Aligned Genomic Tracks Visualization

# Load necessary libraries
library(ggplot2)
library(patchwork) # For combining multiple plots
library(dplyr)
library(tidyr)

# 1. Create the Signal Tracks (Line plots)
# We plot the continuous intensity for each histone mark
p1 <- ggplot(genomic_data, aes(x = bin, y = H3K4me3)) +
  geom_line(color = "#e41a1c", size = 0.5) +
  labs(title = "Genomic Signal Tracks", y = "H3K4me3") +
  theme_minimal() +
  theme(axis.text.x = element_blank(), axis.title.x = element_blank())

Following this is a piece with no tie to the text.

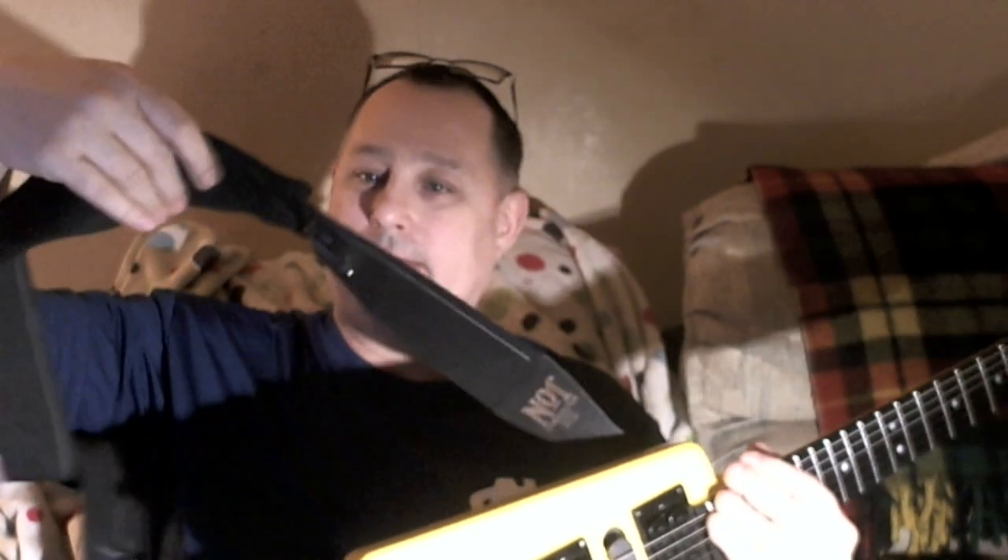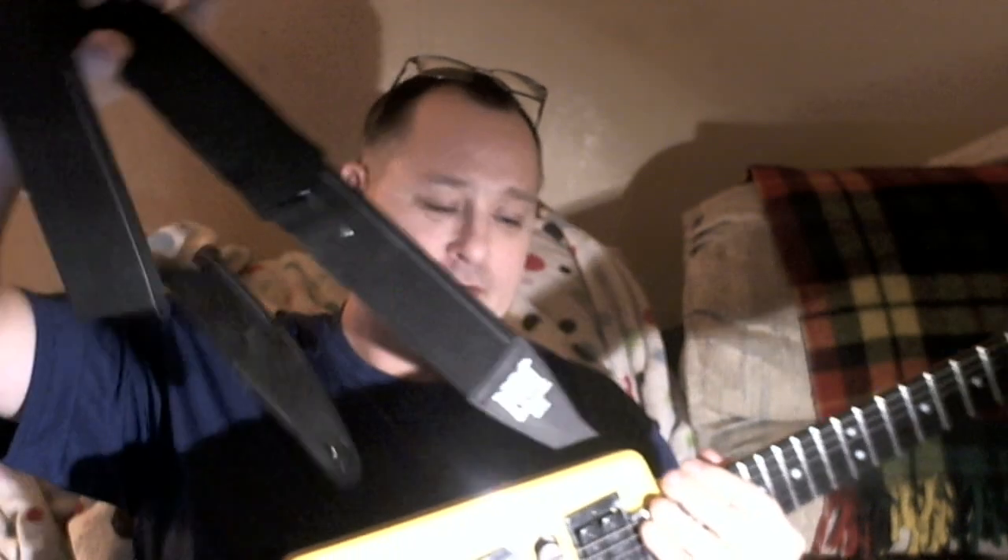So I switched to a lighter instrument. And I got this special strap — it's a very stretchy material, kind of thick. It's a Number One Stretch Strap by Levi's.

p2 <- ggplot(genomic_data, aes(x = bin, y = H3K27ac)) +
  geom_line(color = "#377eb8", size = 0.5) +
  labs(y = "H3K27ac") +
  theme_minimal() +
  theme(axis.text.x = element_blank(), axis.title.x = element_blank())

# 2. Create the State Tracks (Heatmap/Ribbon style)
# This shows the True vs Predicted functional categories
p3 <- ggplot(genomic_data, aes(x = bin, y = 1, fill = TrueState)) +
  geom_tile() +
  scale_fill_manual(values = c("1" = "grey80", "2" = "#4daf4a", "3" = "#984ea3"),
                    labels = c("Background", "Promoter", "Enhancer")) +
  labs(y = "True", fill = "States") +
  theme_minimal() +
  theme(axis.text = element_blank(), axis.title.x = element_blank(), 
        panel.grid = element_blank())

p4 <- ggplot(genomic_data, aes(x = bin, y = 1, fill = PredictedState)) +
  geom_tile() +
  scale_fill_manual(values = c("1" = "grey80", "2" = "#4daf4a", "3" = "#984ea3")) +
  labs(y = "Predicted", x = "Genomic Coordinate (Bins)") +
  theme_minimal() +
  theme(axis.text.y = element_blank(), panel.grid = element_blank(),
        legend.position = "none")

# 3. Combine the plots using patchwork
# We specify the heights to give more room to the signals
combined_plot <- (p1 / p2 / p3 / p4) + 
  plot_layout(heights = c(3, 3, 1, 1), guides = "collect")

print(combined_plot)

Conclusion

The HMM successfully “smoothed” the noisy signal into discrete blocks. While the predicted state numbers (1, 2, 3) might be swapped compared to our simulation (label switching), the segment boundaries should align closely with the truth. In a real biological context, you would look at the emission means to determine which state corresponds to a “Promoter” vs an “Enhancer.”